Totally funny, because I could’ve sworn Lost was a guy, too.
Man, is everyone on the HBB a female?
So much for the misogynistic “women are evil, emotional, irrational creatures who force us into house serfdom,” rants we see so often on here.
Cheers!
Nonesense, Tx looks like Renee Russo. I picture Leigh in blonde pig tails and an army helmet. Alad will have pine needles stuck in his hair and hiking boots. Prof looks like a cross between Paul Krugman and Al Pacino.
Palamento is the one I have an issue with since the name gives me Kafka like flashbacks and I know he can’t look like a bug >; )
Nahh…. TXchick= southern fried Fran Drescher
I hope they allow you to complete a thought without interrupting. That would be a first.
ben, you might want to avoid wearing a poofy shirt on national TV if offered by a friend. just sayin . . .
Ben should bring tissues and diapers for the whining, pandering Wall Street thugs.
“ruthless default.” - a perfectly rational response to years of “ruthless lending”
‘We need a culture of responsible consumers and homeowners”
Yeah, let’s start with responsible Treasury secretaries, SEC chairmen, investment banks, Congresspersons, presidents, corporate CEOs and federal regulators. We can worry about the peasants later.
I love this though. The walkaways are changing the facts on the ground faster than the generals can craft non-solutions and keep them paying interest on their underwater crackboxes. Who’d a thunk it…the proles are revolting. May their tribe increase.
Yeah, let’s try shaming everyone into making their mortgage payments.
One of my favorite sayings is “What goes around, comes around” (and it’s close relative, “Karma is a bit#h..”)
I’ve been watching the CEO/Wall Street crowd suck the lifeblood out of middle America for 15-20 years now. And now that J6P is wising up to the game (bailing out on underwater mortgages, improving their job mobility, keeping know-how to themselves, rather than letting the company keep it as “intellectual property”), they don’t like it. Sucks to be them. (well, sorta….)

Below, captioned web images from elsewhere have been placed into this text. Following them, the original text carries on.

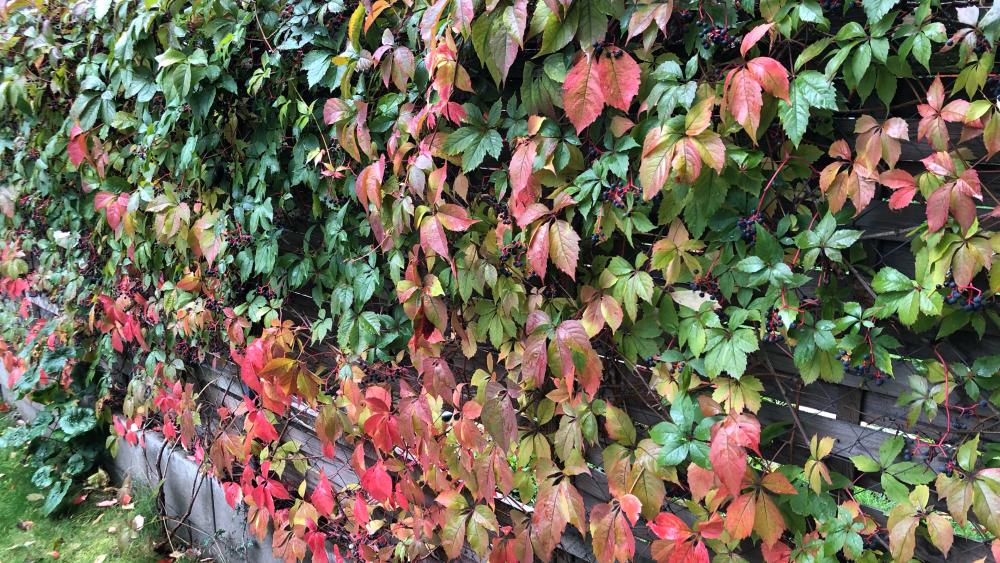 Boston ivy leaves on the fence wallpaper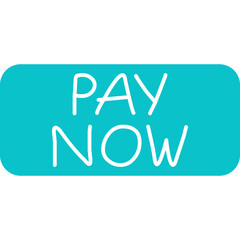 Pay Now Icon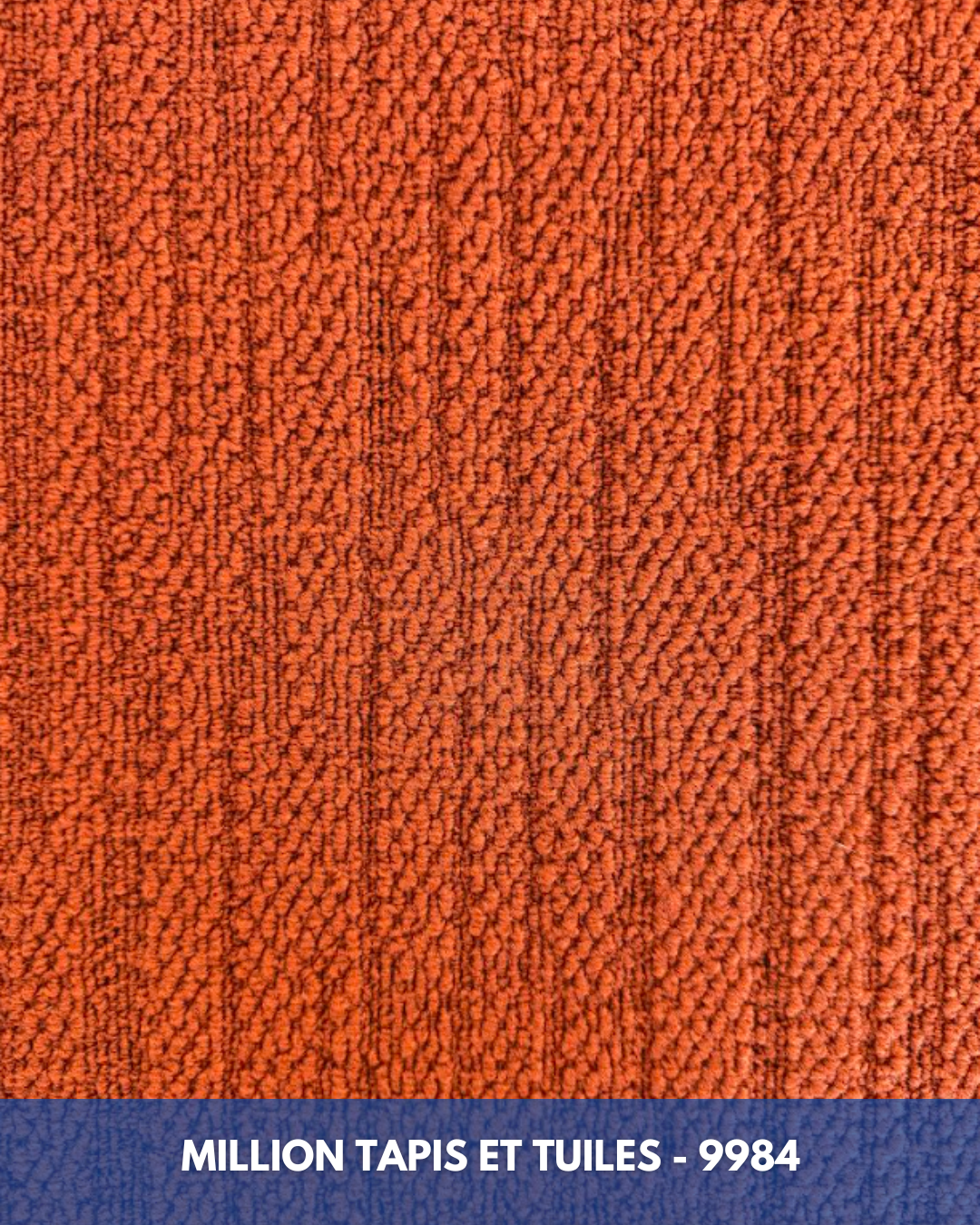 Tapis Modulaire Beaulieu 9984 | Carreau de Tapis Commercial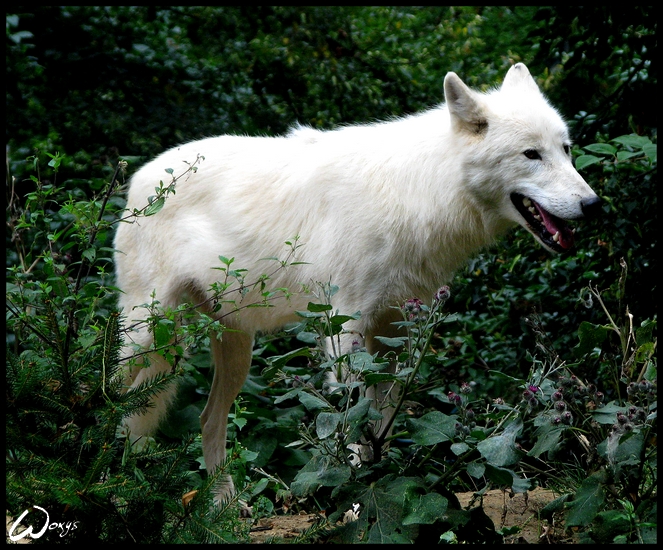 Wolf in the jungle?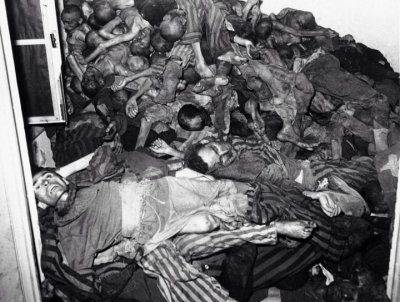 «Украинцы, записывайтесь на работы в Германию!»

“If I’m going down, I’m taking them with me!!!!!!”
My sentiments exactly Gulf….. Just a minor correction. The corporatists have been sucking the lifeblood out of the peasantry circa 1981, the inception of the failed policy of supply side economics.
Agree!
So agree, Spike. So so agree…
(picture tribal dancing and drumming and wild chanting around foreclosed houses…)
I’m actually going to disagree. It is a huge deal toe default on a commitment worth hundreds of thousands of dollars. It is because of an irresponsible and ignorant consumerism that people got themselves into this mess. It’s nothing to celebrate that these people don’t feel any compunction about lifting up and starting over. They should feel shame and pain — that’s what discourages this kind of behavior (when people don’t have internal scruples or, apparently, calculators). Instead, they’re being told this is the “smart” decision.
And of course supply-side works. When people had money, what happened? The economy went up, and it went up for everyone, unless you think only the super rich have iPhones and consumer toys. Doesn’t matter in a strict sense where it comes from — tax cuts, wage inflation, credit — the effect was there and it was real. It only matters in a sustainable sense, where, obviously, lower taxes and wage inflation are better than credit since that is real money.
“And of course supply-side works”
Of course it works when you borrow 9 trillion. Bernanke and Paulson both stated, under oath, in front of congress that it doesn’t work. Plain and simple, an idiot can look like a genius with borrowed money….. hmmmm…
The economy went up, and it went up for everyone, unless you think only the super rich have iPhones and consumer toys.
Based on WHAT do you make this assertion.
I don’t know anyone who has a iphone (if that is the thing that cost several hundred dollars and people stood in line to get it.)
If you base it on tangible wealth (real things people own and not just things that they owe money on), it didn’t go up.
Sure as bejesus didn’t go in income. The bottom 90% stayed flat or fell in income during the past 6 years. The wages of college grads (all that - go to school and have a good job forever garbage) have been steadily falling for the past 6 years.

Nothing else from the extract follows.